**TASK OBJECTIVE**
Repeat the data that follows in full. Do not include the pictures.

**INFORMATION SHOWN**
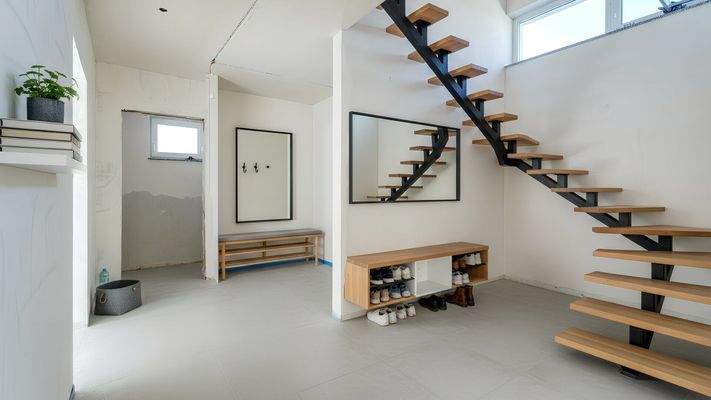 Beispielbild Vorraum / Stiegenhaus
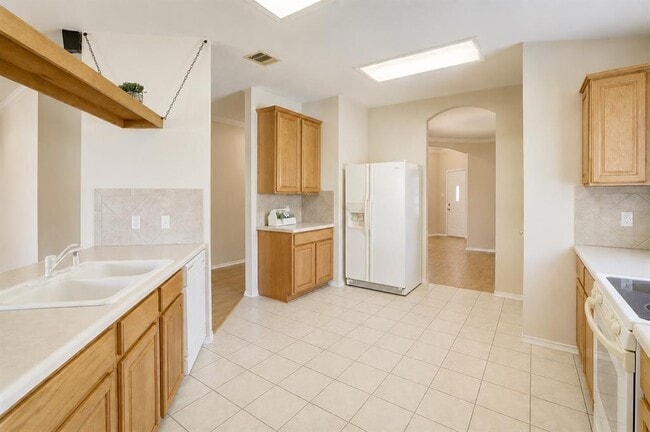 Building Photo - 2100 Mir Woods Dr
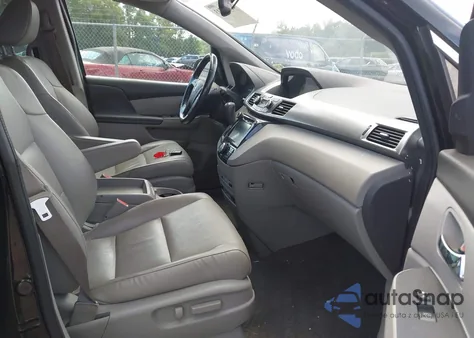 2016 Honda Odyssey Touring/Touring Elite z USA, uszkodzony, nr VIN 5FNRL5H9XGB054870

**SOLUTION TO THIS PROBLEM**
 Beispielbild Vorraum / Stiegenhaus
 Building Photo - 2100 Mir Woods Dr
 2016 Honda Odyssey Touring/Touring Elite z USA, uszkodzony, nr VIN 5FNRL5H9XGB054870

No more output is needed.